A good error-handling strategy for Gemini 3 tool calls starts with assuming that both the model and the tools can fail in different ways. The model might return malformed arguments, pick the wrong tool, or misinterpret the result, while the tools themselves may time out or return unexpected data. You should always validate tool-call inputs and outputs against your schemas before executing anything. If arguments are missing or invalid, your backend should catch that and decide whether to correct, re-prompt, or show an error.
One effective pattern is to use a clear “tool result wrapper” when sending results back to Gemini 3. For example, always respond with a JSON object that includes fields like success, data, and error_message.
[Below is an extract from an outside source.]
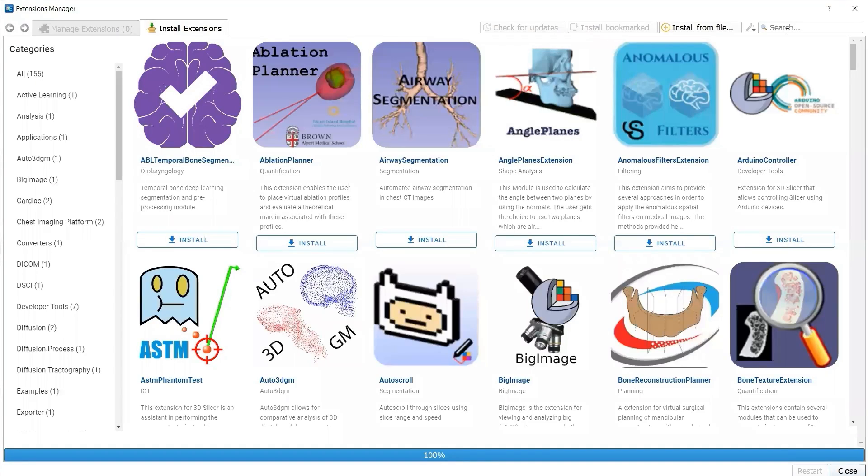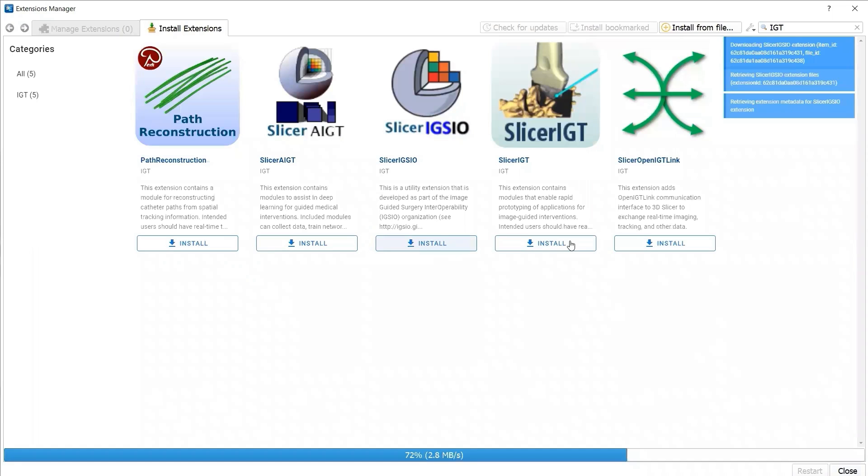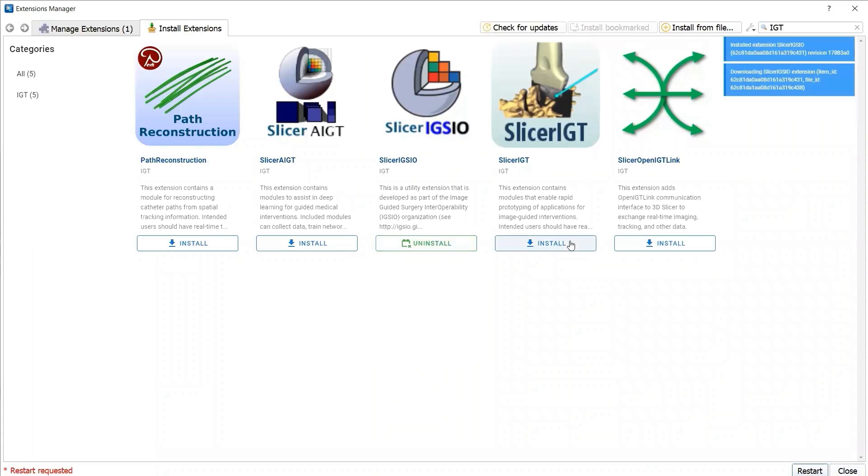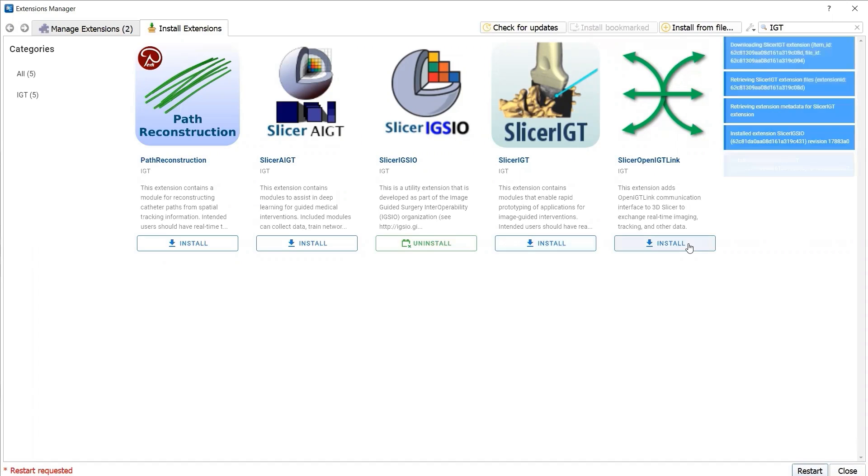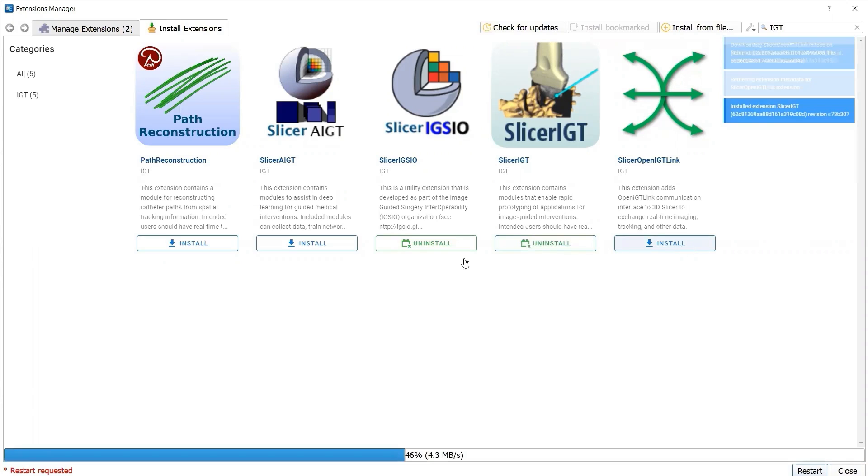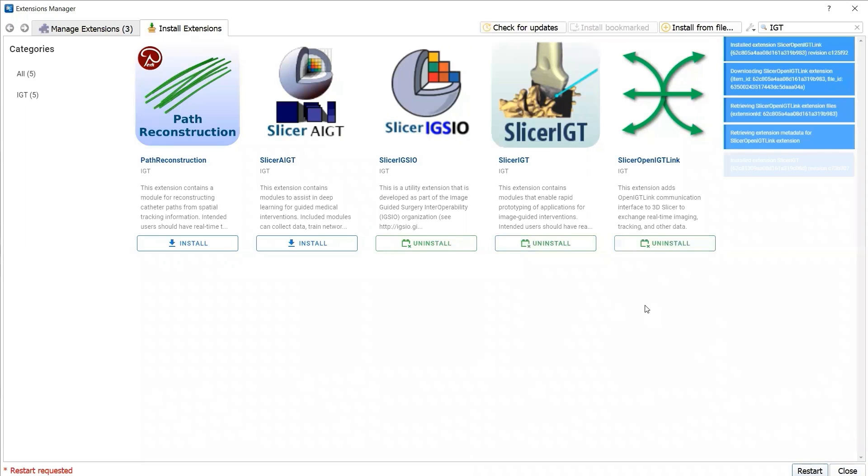Search for IGT and install SlicerIGSIO, SlicerIGT, and SlicerOpenIGTLink.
If the tool failed or returned partial results, you can send success: false along with the error details. The model can then see that something went wrong and choose a different strategy: re-try with modified arguments, ask for clarification, or fall back to another tool. You can guide this behavior in your system prompt: “If a tool returns success: false, try a different approach or explain the problem.”
In production systems, logging and monitoring are also key. You should log every tool call, its arguments, and its outcomes, so you can analyze failure patterns over time. If your tools interact with external systems like vector databases, for exampleMilvus or Zilliz Cloud., you should also log retrieval errors, timeouts, or unexpected empty results. This helps you distinguish between model mistakes and infrastructure issues. Over time, you can refine prompts, adjust tool schemas, and add guardrails (like hard limits on actions) based on real error data, making your Gemini 3–powered workflow much more stable.